I learned to knit as an adult, maybe around 2003. My mother taught me to do it, although I know my Gigi used to knit, so maybe there is a little genetic piece to it. I made my first non-scarf garment in 2004. I still have it.
The yarn I used for my first garment was handspun by monks at a monastery in a tiny little village in Southeastern France. While this sounds hoity-toity, I can assure you that it was the very most humble of enterprises. I had seen their animals, which they sheared themselves. They dyed the wool themselves. How such humble, earthy men could create something so delicate and transcendent is a mystery to me. These men, who were truly set apart from any kind of luxury or desire for things…they sheared and dyed and spun as an act of worship.
The result was the finest, most delicate, most ethereal mohair I have or will ever touch. This was a far cry from the yarn I learned to knit on, the acrylic kind that comes in one pound skeins at Joanne Fabrics.
Shortly thereafter, they stopped raising the goats needed for the mohair, and their production ended. My MIL bought all the wool that was left. I still have sweaters made from their natural colored billygoat yarn.
As I have previously mentioned, that first little blue sweater I made was the reason I began my Lily Fields Challenge, long before I actually made it official. It was, by far, the most exquisite piece of clothing I owned until I finished my Peacock Bliss wrap sweater last week.
Part of what makes these garments such treasures is that I designed and knitted them myself. Part of what makes them so precious is that in both instances, the wool was gifted to me by people I love. Part of what makes them so invaluable is that they transcended my expectations in every possible way.
My first raw fleece
When I moved to France in 2007, I made a wonderful friend who has an enormous family. Both she and her mother are knitters. Back in the day, one of my friend’s aunts, Marinette, would spin the wool shorn from one of their friend’s sheep on her spinning wheel. My friend’s mother, Beatrice, would knit up sweaters for the family.

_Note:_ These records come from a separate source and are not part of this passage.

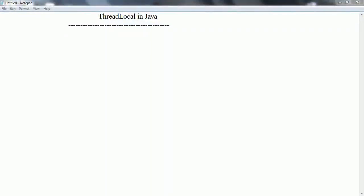Hi guys, this is Shivadi. Welcome to the session on ThreadLocal class in Java. ThreadLocal class provides ThreadLocal variables. These variables are different from normal variables because ThreadLocal variables are visible only within the thread. Each thread has its own copy of the ThreadLocal variables and that value cannot be visible to other threads, even though all the threads are executing the same code.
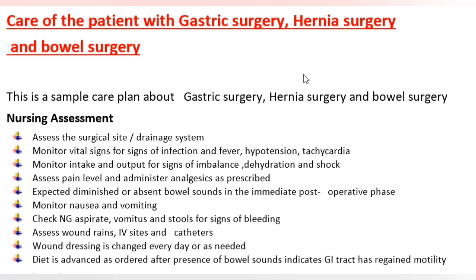Expected diminished or absent bowel sounds in the immediate post-operative phase. Monitor nausea and vomiting. Check NG aspirate, vomitus, and stools for signs of bleeding. Assess wound drains, IV sites, and catheters. Wound dressing is changed every day or as needed.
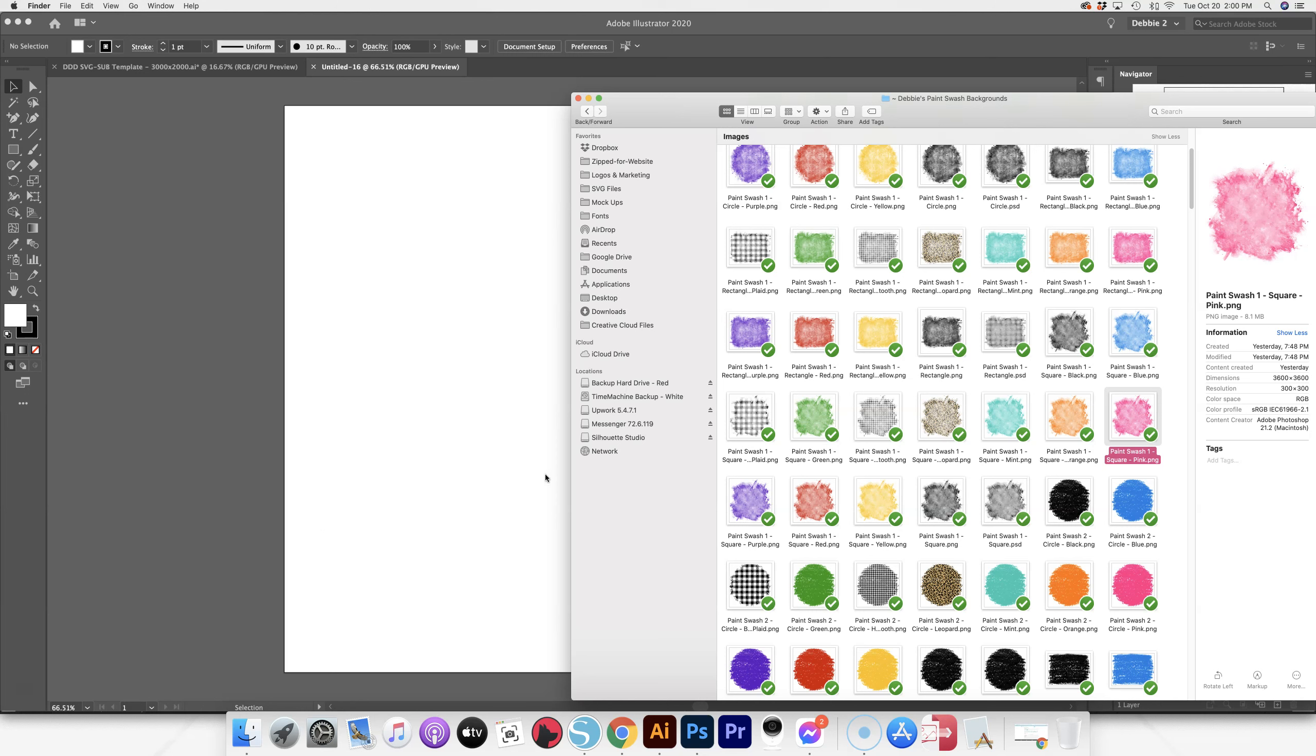Okay, I wanted to do a quick video and show you guys how to use these. So all you need to do, depending on the program you're working in, is just pick one of the swatches and just pull it in.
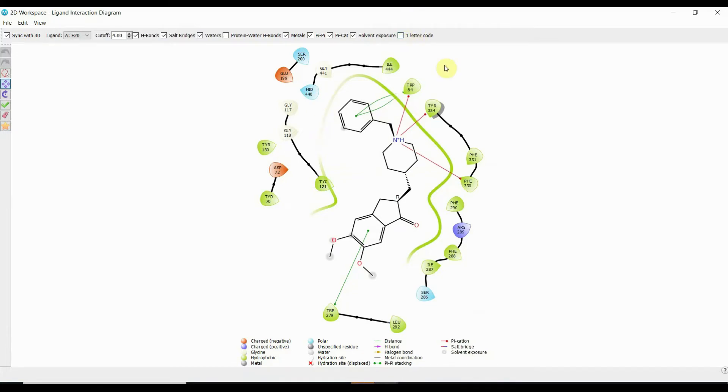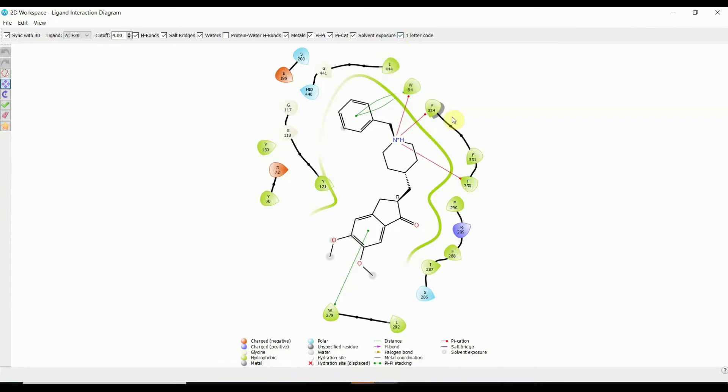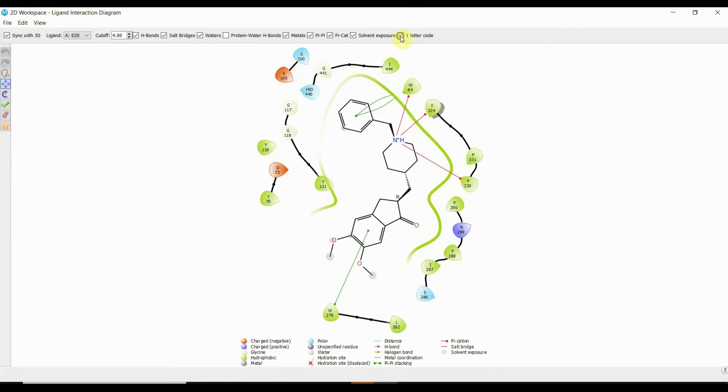If you do not want to see the three-letter codes and are only interested in one-letter code, what you have to do is click this option and you will see that they have now converted into one-letter code. They are not now written in three-letter codes, only in one-letter code.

You can only imagine how this sparked my inner creative wannabe Laura Ingalls. Beatrice encouraged me to learn how to spin. She said she was sure Marinette would love to teach me.
I lodged this in my heart as a definite possibility. I wanted to learn, but I also had my little career and then my little family and then Marinette became unwell and I began to regret not having taken advantage of the opportunity when I could have learned from her.
In the meantime, when the scalawags were both very little, I happened to mention to those friends-with-sheep, who had since become my friends, too that I would still love to learn to spin, and they offered me the wool shorn from their sheep that spring.
That initial fleece felt like a gift from heaven. My boys and I bought a pair of dog brushes which we used as carders, and we learned how to wash, card and spin wool by hand. My eldest was my assistant. We made a mess and it was a fabulous mess.
I felt like I was living in harmony with the universe. I knitted an amazing Jackie-O inspired winter jacket from that wool my boys and I spun together. It remains my go-to spring and fall jacket.
In September of last year, I received a rather unexpected phone call. It was Beatrice, the mother of my friend, asking me if I would like to receive a very valuable inheritance.
Okay, okay, she didn’t quite say it like that. Marinette had passed away. With her went all of that generational knowledge and skill at spinning wool. This broke my heart. Why did I not learn while I could?
Beatrice was calling to tell me that Marinette’s daughter was emptying out the house, and Beatrice was helping as she could. She asked me if I would be interested in having Marinette’s spinning wheel. No one in the family wanted it, and if I didn’t want it, they would just donate it to the Salvation Army.
Obviously I did want it. I was at the house the next day to pick it up. Along with the spinning wheel was a pair of ancient carders and a bag full of carded fleece, just waiting to be spun.
Immediately, my boys and I set about trying to figure out how the spinning wheel worked. It’s not easy. It was not nearly as easy as spinning by hand, something so simple even those little boys could do it.
The gestures of a spinning wheel require coordination similar to that of driving a manual car or riding a bicycle, but the fingers must also be constantly working. Feet pedaling, fingers stretching, pinching, releasing. Constant readjusting.
The sounds of the spinning wheel were ancient, as if the sounds themselves were connecting us to generations past. My friend Caroline told me that she remembered that sound from her childhood: Marinette sitting in the living room spinning while they had conversation after dinner.
That gentle whirring pedaling sound. Pinch. Release. Pinch. Release.